Lorenz’s theory, known in popular culture as “the butterfly effect,” is generally accepted to be true and has been demonstrated experimentally.

“If this is true of infinitesimal physical forces, how much more so for the human consciousness when expressed in words and actions? This is even more true when we attach ourselves to the divine will,” Rabbi Apisdorf said.

Rabbi Apisdorf emphasized that human will not only had the power to change the weather but also the ability to change the divine will in bringing the final redemption. He the concept of B’Eeta Achishena (I will speed it up in its time) taken from a verse in Isaiah.

The smallest shall become a clan; The least, a mighty nation. I Hashem will speed it in due time. Isaiah 60:22

The concept of B’Eeta Achishena  is used by rabbis and Jewish theologians to describe the tension between God’s greater plan in light of Man’s will and actions. This is especially relevant in reference to the Messiah and Man’s actions affecting when the Messiah will arrive.

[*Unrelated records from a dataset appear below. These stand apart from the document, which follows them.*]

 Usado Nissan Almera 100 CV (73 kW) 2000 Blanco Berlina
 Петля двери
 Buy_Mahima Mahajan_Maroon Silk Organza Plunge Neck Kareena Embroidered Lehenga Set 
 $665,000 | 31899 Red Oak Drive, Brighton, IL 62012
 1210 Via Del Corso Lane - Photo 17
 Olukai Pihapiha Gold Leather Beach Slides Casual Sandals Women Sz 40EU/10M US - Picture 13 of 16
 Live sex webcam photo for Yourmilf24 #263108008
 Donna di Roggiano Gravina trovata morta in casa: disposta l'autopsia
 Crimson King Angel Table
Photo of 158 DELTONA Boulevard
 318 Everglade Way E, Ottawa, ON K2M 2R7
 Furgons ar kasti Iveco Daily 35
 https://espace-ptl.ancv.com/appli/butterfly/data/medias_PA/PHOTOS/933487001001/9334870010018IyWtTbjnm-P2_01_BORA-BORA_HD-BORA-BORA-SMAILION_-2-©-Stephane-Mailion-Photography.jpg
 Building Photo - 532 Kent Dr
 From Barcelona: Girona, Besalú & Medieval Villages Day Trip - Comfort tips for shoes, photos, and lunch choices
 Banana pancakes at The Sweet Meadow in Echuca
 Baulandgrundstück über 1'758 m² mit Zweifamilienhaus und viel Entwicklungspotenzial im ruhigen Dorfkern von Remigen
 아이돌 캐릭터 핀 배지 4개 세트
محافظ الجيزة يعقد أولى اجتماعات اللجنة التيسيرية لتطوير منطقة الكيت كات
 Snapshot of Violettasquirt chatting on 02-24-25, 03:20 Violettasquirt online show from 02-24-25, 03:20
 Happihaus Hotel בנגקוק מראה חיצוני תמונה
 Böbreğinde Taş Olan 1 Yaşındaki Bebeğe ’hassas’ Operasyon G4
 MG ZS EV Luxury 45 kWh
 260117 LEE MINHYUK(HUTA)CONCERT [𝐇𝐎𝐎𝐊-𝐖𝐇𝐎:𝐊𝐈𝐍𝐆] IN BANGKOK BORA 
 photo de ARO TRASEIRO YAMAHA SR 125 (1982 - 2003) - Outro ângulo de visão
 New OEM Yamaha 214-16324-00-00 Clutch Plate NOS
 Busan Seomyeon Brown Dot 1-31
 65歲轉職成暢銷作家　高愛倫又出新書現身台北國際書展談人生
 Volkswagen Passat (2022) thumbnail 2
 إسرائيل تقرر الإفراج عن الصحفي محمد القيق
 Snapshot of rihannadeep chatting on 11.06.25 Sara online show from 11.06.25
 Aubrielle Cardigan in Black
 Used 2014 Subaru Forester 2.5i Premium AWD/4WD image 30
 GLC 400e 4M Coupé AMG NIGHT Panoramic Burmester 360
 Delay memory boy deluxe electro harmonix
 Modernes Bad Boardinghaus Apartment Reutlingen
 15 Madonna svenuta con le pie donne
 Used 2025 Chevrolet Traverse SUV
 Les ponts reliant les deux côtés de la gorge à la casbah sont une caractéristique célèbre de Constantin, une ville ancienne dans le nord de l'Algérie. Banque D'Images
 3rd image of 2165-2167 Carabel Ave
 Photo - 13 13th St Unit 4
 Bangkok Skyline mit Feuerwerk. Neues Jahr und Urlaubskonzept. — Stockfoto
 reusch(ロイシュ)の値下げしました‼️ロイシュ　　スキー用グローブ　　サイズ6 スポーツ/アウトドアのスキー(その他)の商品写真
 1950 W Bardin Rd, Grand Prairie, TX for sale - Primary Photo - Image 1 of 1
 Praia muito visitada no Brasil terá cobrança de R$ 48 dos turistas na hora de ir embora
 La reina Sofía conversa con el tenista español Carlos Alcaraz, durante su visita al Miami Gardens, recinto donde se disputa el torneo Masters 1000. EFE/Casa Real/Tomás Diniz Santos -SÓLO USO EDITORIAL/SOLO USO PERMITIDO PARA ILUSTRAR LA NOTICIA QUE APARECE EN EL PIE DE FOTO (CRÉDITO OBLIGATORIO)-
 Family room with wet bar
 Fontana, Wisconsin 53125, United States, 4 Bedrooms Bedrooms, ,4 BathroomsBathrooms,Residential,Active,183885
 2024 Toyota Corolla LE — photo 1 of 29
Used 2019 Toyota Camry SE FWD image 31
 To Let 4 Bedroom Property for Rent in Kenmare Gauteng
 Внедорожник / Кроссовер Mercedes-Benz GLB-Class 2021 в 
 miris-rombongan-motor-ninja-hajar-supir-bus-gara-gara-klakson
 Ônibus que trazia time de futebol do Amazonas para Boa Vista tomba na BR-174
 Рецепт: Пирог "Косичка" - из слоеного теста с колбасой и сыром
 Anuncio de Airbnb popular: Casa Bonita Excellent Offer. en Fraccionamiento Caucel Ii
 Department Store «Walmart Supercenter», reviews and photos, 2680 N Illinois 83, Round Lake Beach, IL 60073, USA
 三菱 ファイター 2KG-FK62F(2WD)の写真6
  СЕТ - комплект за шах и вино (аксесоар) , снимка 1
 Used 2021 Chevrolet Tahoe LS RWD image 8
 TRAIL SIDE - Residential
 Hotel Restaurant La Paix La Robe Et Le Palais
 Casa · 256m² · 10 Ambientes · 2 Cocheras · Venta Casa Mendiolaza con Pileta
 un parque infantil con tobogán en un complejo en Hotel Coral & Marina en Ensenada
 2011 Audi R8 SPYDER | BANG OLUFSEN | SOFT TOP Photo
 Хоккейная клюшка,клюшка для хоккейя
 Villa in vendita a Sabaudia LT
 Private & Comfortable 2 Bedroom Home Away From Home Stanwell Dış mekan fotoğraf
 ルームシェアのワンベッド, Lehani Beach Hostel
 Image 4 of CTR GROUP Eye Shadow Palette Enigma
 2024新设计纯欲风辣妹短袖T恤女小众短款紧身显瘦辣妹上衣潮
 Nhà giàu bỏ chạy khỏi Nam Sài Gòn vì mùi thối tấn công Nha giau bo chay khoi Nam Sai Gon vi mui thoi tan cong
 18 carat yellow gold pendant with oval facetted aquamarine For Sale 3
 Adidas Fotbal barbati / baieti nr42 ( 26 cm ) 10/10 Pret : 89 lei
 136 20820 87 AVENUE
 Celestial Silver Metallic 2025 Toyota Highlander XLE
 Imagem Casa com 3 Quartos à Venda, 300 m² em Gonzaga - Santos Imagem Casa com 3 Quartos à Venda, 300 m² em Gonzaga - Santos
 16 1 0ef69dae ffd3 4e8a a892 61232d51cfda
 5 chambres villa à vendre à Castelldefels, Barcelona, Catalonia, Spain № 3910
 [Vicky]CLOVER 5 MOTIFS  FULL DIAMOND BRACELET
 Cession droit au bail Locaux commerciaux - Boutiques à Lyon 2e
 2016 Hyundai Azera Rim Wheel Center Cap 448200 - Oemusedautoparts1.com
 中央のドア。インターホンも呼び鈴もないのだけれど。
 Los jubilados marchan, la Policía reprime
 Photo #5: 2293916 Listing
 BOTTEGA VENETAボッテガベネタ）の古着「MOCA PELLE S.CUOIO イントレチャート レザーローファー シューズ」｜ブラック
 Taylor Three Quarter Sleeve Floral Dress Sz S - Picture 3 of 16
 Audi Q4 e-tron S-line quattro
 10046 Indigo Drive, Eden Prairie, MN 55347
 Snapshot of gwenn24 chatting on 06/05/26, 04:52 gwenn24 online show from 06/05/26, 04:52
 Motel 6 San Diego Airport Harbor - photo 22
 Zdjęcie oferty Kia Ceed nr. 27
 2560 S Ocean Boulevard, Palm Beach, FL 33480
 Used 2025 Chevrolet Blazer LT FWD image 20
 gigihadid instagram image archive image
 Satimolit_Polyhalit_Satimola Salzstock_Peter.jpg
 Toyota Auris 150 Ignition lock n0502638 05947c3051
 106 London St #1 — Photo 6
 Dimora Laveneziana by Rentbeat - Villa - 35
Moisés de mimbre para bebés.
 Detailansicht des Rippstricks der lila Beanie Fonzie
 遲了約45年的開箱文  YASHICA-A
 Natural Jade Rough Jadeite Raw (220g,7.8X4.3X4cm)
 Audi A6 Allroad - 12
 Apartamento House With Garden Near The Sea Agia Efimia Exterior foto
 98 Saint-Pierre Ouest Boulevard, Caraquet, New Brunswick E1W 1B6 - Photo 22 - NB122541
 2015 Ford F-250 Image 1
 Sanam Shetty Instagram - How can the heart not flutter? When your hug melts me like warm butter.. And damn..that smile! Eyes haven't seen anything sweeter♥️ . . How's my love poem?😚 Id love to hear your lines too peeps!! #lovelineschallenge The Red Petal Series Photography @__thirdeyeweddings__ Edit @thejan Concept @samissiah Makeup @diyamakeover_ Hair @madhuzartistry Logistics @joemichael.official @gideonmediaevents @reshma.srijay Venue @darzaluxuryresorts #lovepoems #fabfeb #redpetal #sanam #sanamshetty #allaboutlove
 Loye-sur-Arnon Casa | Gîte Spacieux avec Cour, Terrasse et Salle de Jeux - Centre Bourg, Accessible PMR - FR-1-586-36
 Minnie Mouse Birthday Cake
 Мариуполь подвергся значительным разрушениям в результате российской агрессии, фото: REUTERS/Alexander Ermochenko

“Man can actually change the divine plan by doing teshuva (repentance),” Rabbi Apisdorf said. “It is a spiritual butterfly effect. It just may be that a global warming of our hearts can preempt the effects of atmospheric global warming.”

But Rabbi Apisdorf had a specific vision for what this “global warming of hearts” would entail.

“This doesn’t mean just showing up at synagogue or church,” he cautioned. “It is us, as people, rediscovering our family-ness, our deep essential connectedness to God and to each other.”